Most of these studies are also in the castration-sensitive setting. And so I'll just highlight that the more recent ARTO trial included specifically patients with castration-resistant disease, which is a nice study to provide broader application of metastasis-directed therapy.
The other key concept in the current stage, particularly relevant to this conference, is the phenomenon of stage migration. And so a number of the studies that I listed earlier were defined—or defined oligometastasis—based on conventional imaging. As we know, PSMA PET has enabled the greater detection and greater specificity of detection of metastatic prostate cancer.
And so these three studies at least included PSMA as some component, whether it's in defining the eligibility, or—I left an asterisk next to the ORIOLE trial—provided some extra analysis in understanding how PSMA interacts with treatments. And so these are all important things as we're considering candidacy for SBRT and metastasis-directed therapy. This phenomenon of stage migration does make it hard for that quantitative cutoff to be applied in a systematic fashion. I'd also say that this is an area of continuing evolution, as there are a number of studies—I highlight the SABR-COMET-10 trial—looking to see if we can expand upon the current numeric definitions.
So I thought I'd include some slides to ask, can we do better? Can we move beyond some of these crude metrics? And so the STOMP and ORIOLE groups have done a wonderful job in doing some secondary analyses of their data. This first one is a study applying the multimodal AI from Artera to the cohorts from STOMP and ORIOLE.
And what it shows us is that the MMAI high patients may potentially have a greater benefit from metastasis-directed therapy. So this model, which was developed in a different type of cohort, may have a secondary use in looking at oligometastasis candidacy.
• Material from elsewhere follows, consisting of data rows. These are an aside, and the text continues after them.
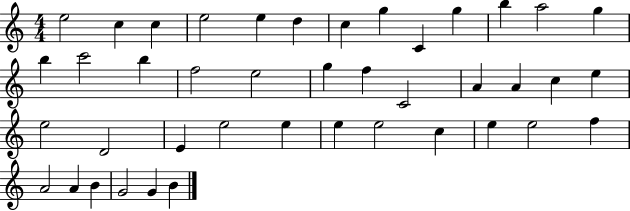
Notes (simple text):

E5/h C5/q C5/q E5/h E5/q D5/q C5/q G5/q C4/q G5/q B5/q A5/h G5/q B5/q C6/h B5/q F5/h E5/h G5/q F5/q C4/h A4/q A4/q C5/q E5/q E5/h D4/h E4/q E5/h E5/q E5/q E5/h C5/q E5/q E5/h F5/q A4/h A4/q B4/q G4/h G4/q B4/q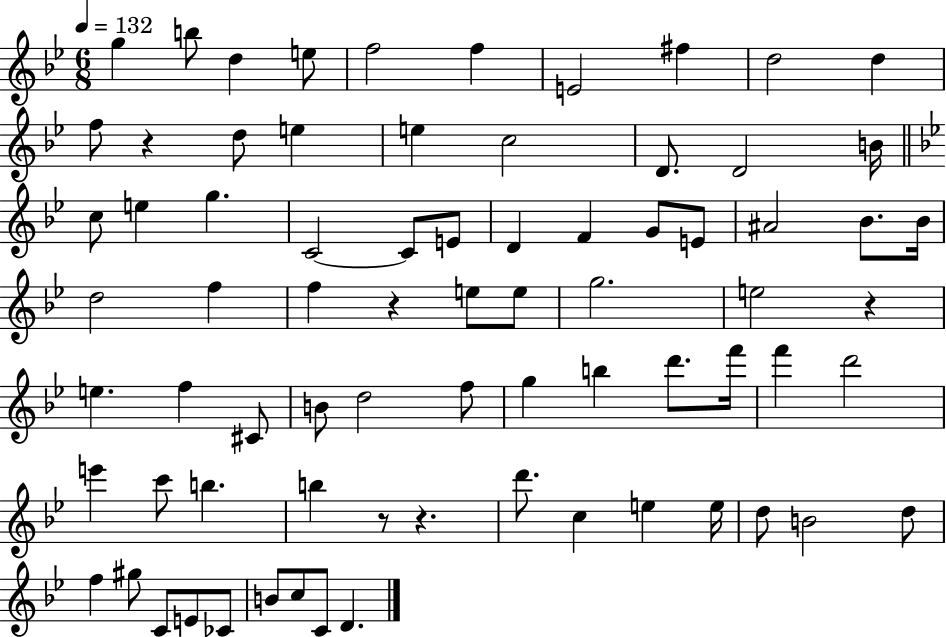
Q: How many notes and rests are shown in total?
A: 75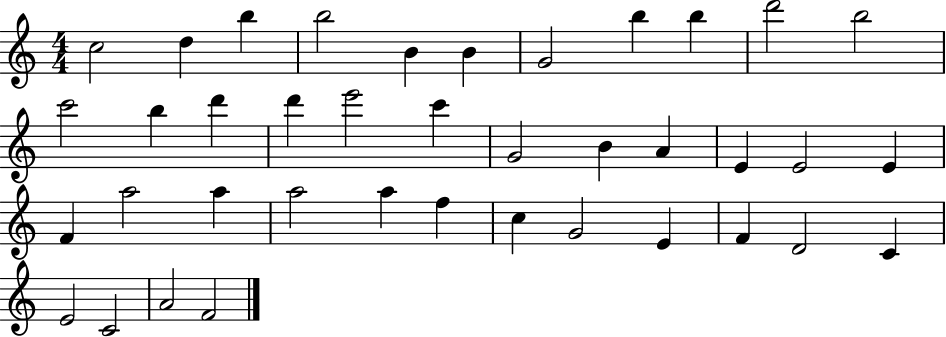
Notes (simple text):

C5/h D5/q B5/q B5/h B4/q B4/q G4/h B5/q B5/q D6/h B5/h C6/h B5/q D6/q D6/q E6/h C6/q G4/h B4/q A4/q E4/q E4/h E4/q F4/q A5/h A5/q A5/h A5/q F5/q C5/q G4/h E4/q F4/q D4/h C4/q E4/h C4/h A4/h F4/h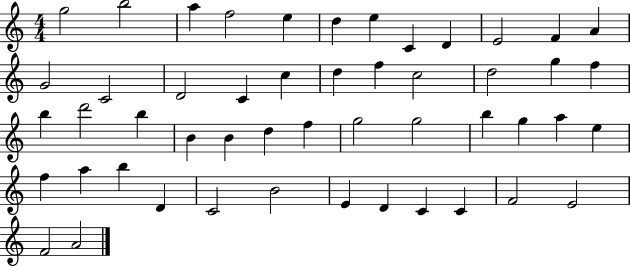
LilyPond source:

{
  \clef treble
  \numericTimeSignature
  \time 4/4
  \key c \major
  g''2 b''2 | a''4 f''2 e''4 | d''4 e''4 c'4 d'4 | e'2 f'4 a'4 | \break g'2 c'2 | d'2 c'4 c''4 | d''4 f''4 c''2 | d''2 g''4 f''4 | \break b''4 d'''2 b''4 | b'4 b'4 d''4 f''4 | g''2 g''2 | b''4 g''4 a''4 e''4 | \break f''4 a''4 b''4 d'4 | c'2 b'2 | e'4 d'4 c'4 c'4 | f'2 e'2 | \break f'2 a'2 | \bar "|."
}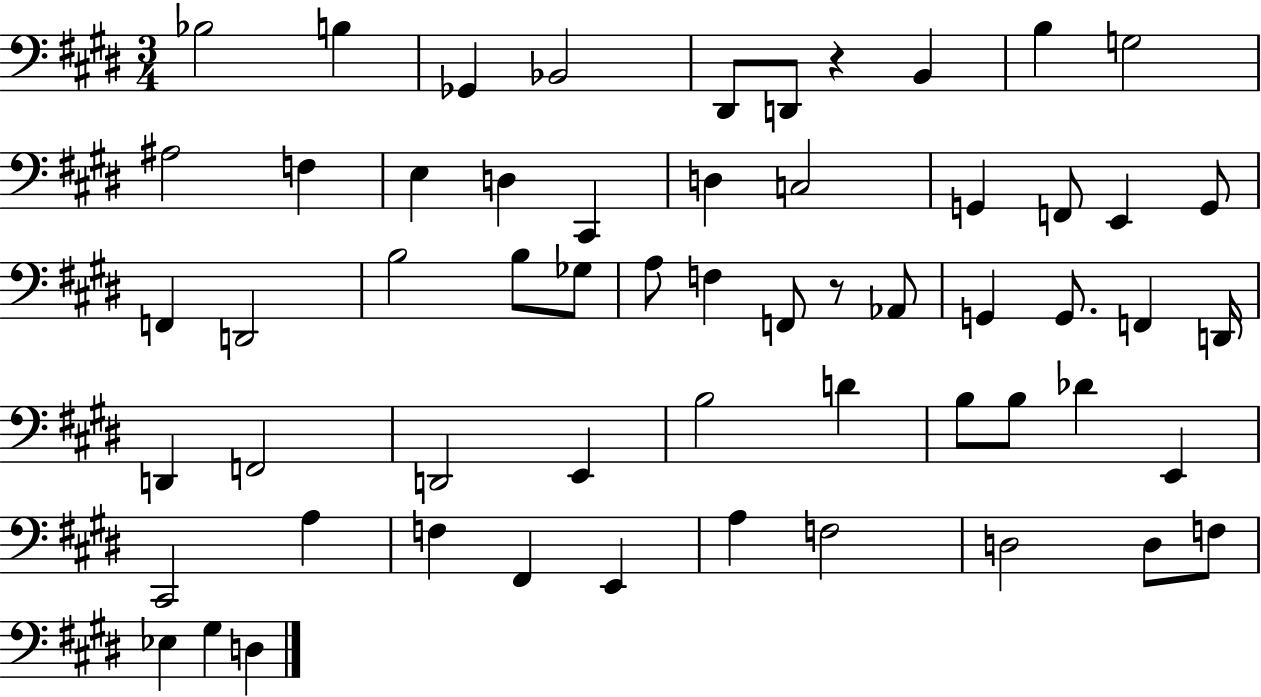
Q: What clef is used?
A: bass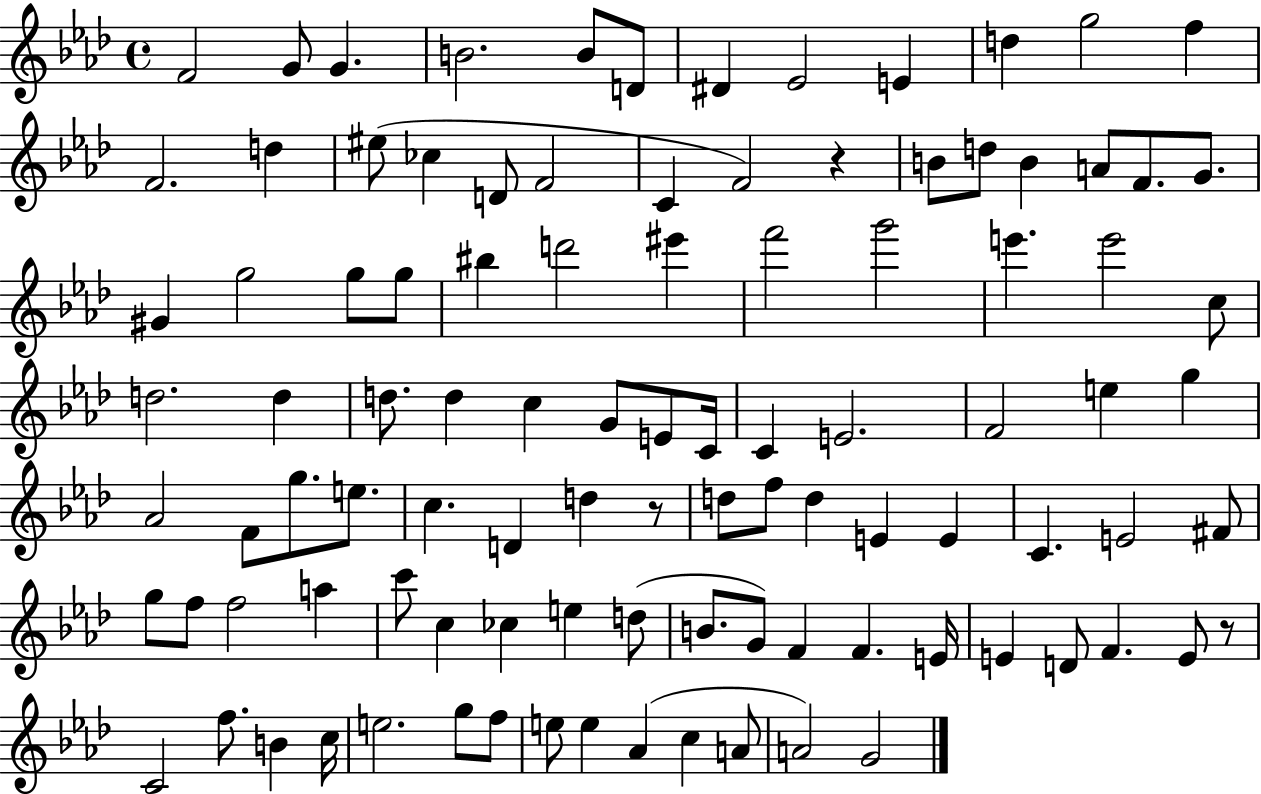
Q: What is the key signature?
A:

The group has also looked at PSMA-positive extracellular vesicles, which may provide an additional biomarker. And so very similarly, it provides an ability to evaluate a group of patients where there may be a greater separation in the benefit of SBRT. And then this data is not published yet, but was presented at ASTRO and I believe at one of the ASCO conferences previously as well—some work that this group is doing on circulating tumor cells as well.
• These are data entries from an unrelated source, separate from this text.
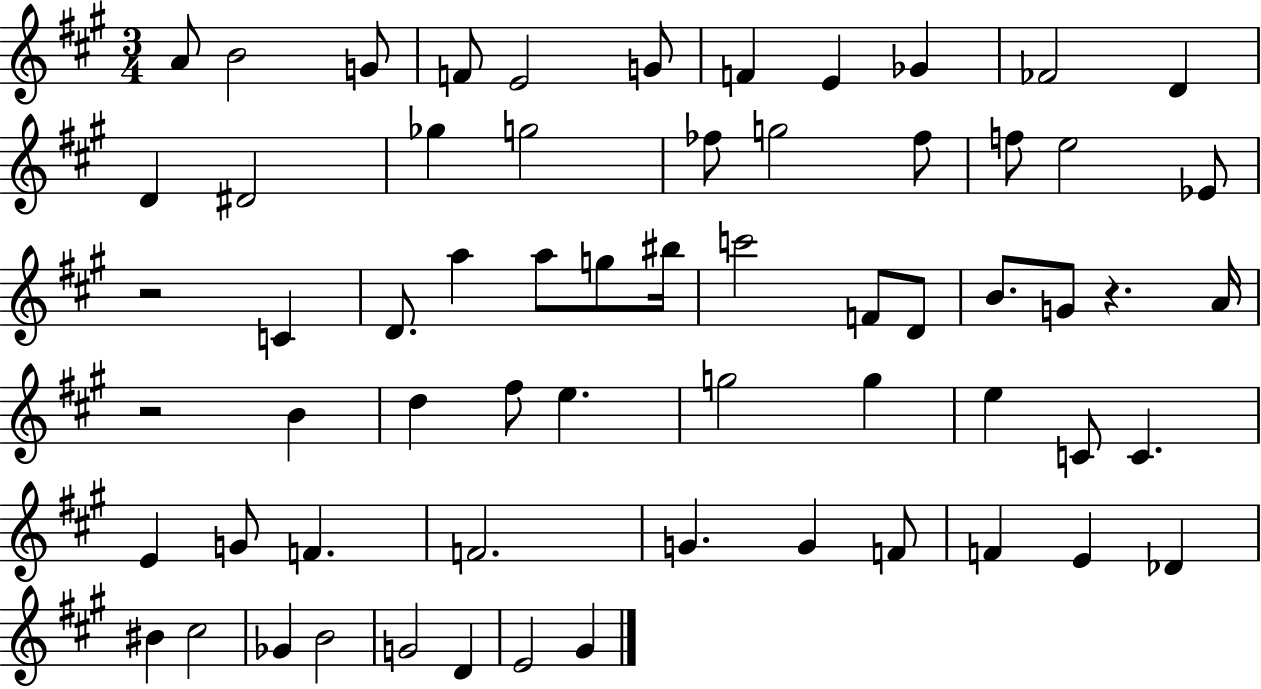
{
  \clef treble
  \numericTimeSignature
  \time 3/4
  \key a \major
  a'8 b'2 g'8 | f'8 e'2 g'8 | f'4 e'4 ges'4 | fes'2 d'4 | \break d'4 dis'2 | ges''4 g''2 | fes''8 g''2 fes''8 | f''8 e''2 ees'8 | \break r2 c'4 | d'8. a''4 a''8 g''8 bis''16 | c'''2 f'8 d'8 | b'8. g'8 r4. a'16 | \break r2 b'4 | d''4 fis''8 e''4. | g''2 g''4 | e''4 c'8 c'4. | \break e'4 g'8 f'4. | f'2. | g'4. g'4 f'8 | f'4 e'4 des'4 | \break bis'4 cis''2 | ges'4 b'2 | g'2 d'4 | e'2 gis'4 | \break \bar "|."
}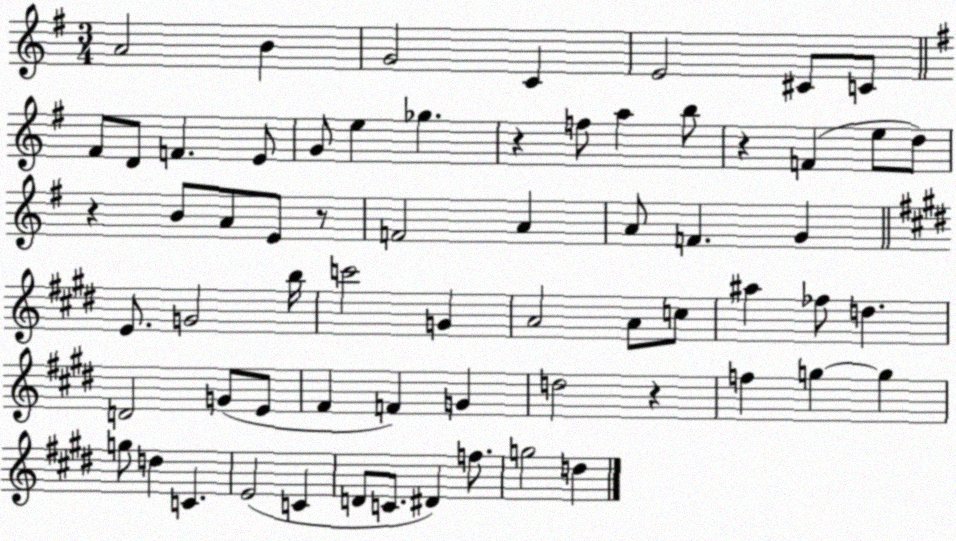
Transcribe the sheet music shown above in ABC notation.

X:1
T:Untitled
M:3/4
L:1/4
K:G
A2 B G2 C E2 ^C/2 C/2 ^F/2 D/2 F E/2 G/2 e _g z f/2 a b/2 z F e/2 d/2 z B/2 A/2 E/2 z/2 F2 A A/2 F G E/2 G2 b/4 c'2 G A2 A/2 c/2 ^a _f/2 d D2 G/2 E/2 ^F F G d2 z f g g g/2 d C E2 C D/2 C/2 ^D f/2 g2 d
And then I'll round out, because we're at a PSMA Conference, so I thought I'd talk a little bit about PSMA and evaluating candidacy. So this is some work done by our team led by Will Chen, who's going to be starting on faculty this fall, looking at our experience with metastasis-directed therapy. And we've been applying computer vision or AI approaches toward trying to evaluate PSMA PET scans to try to identify characteristics that may portend for better or worse outcomes.
And on top of that, we've been trying to evaluate whether or not there's some intralesional—or interlesional—heterogeneity within a single patient to see if there's greater risk for certain lesions to portend future castrate resistance. And so that's some ongoing work where we're trying to define better groups for whom we can treat with SBRT.
And then I will leave us with the NCCN Guidelines for metastasis. As was mentioned in the last talk, not a whole lot of guidance in metastasis, but here in the NCCN Guidelines, very briefly, that limited metastatic disease where ablation is the goal or in oligoprogression, which lends some flexibility to clinical discretion. And I'll leave off with just saying that currently, we define candidacy based on disease burden, we should continue to generate high-quality data in trials, and then hopefully advance selection through biology. And I will wind things down. Thank you.